Data for processing
****

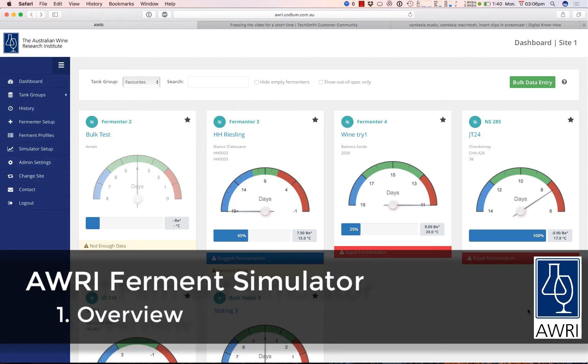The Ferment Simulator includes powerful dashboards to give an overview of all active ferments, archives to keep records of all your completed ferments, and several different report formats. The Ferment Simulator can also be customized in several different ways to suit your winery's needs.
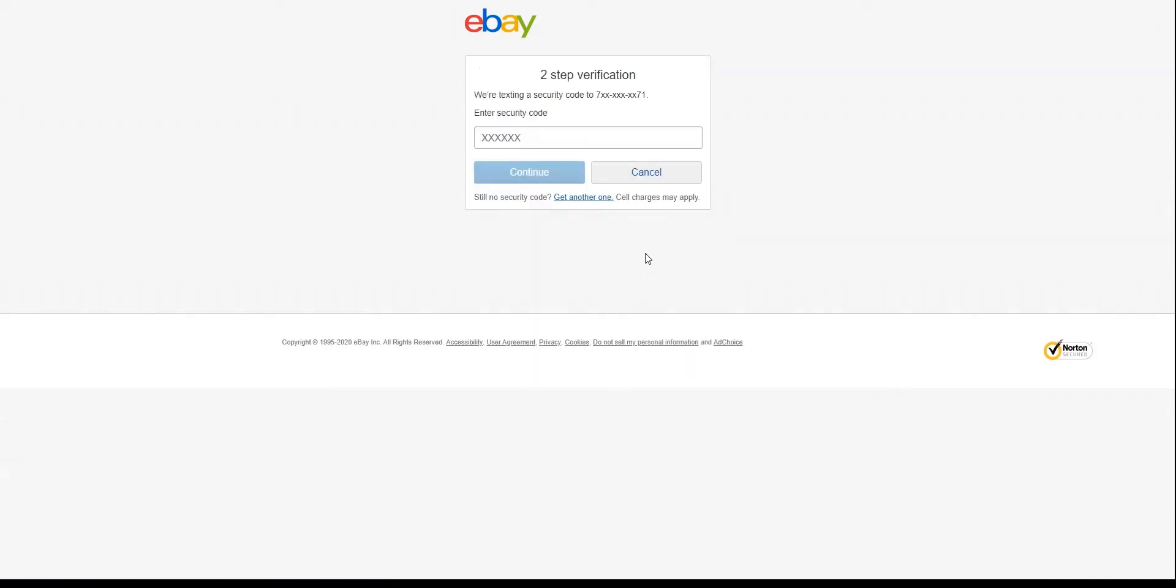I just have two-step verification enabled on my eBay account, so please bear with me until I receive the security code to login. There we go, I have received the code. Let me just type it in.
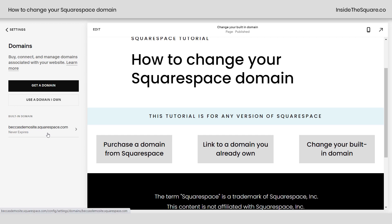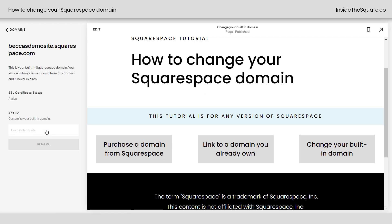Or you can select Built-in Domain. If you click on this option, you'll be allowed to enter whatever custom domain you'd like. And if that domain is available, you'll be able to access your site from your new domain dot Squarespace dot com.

****

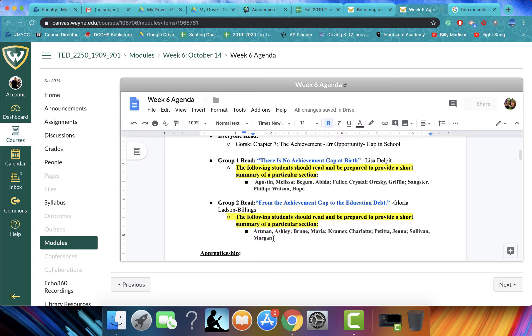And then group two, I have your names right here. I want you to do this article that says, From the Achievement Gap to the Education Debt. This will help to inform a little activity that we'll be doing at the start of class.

****

Work request
Now transcribe the lines above exactly, starting at the line containing "The Ferment Simulator includes" and ending at the line containing "Or you can select", both lines included, pictures excluded.

Result of the task
The Ferment Simulator includes powerful dashboards to give an overview of all active ferments, archives to keep records of all your completed ferments, and several different report formats. The Ferment Simulator can also be customized in several different ways to suit your winery's needs.
I just have two-step verification enabled on my eBay account, so please bear with me until I receive the security code to login. There we go, I have received the code. Let me just type it in.
Or you can select Built-in Domain. If you click on this option, you'll be allowed to enter whatever custom domain you'd like. And if that domain is available, you'll be able to access your site from your new domain dot Squarespace dot com.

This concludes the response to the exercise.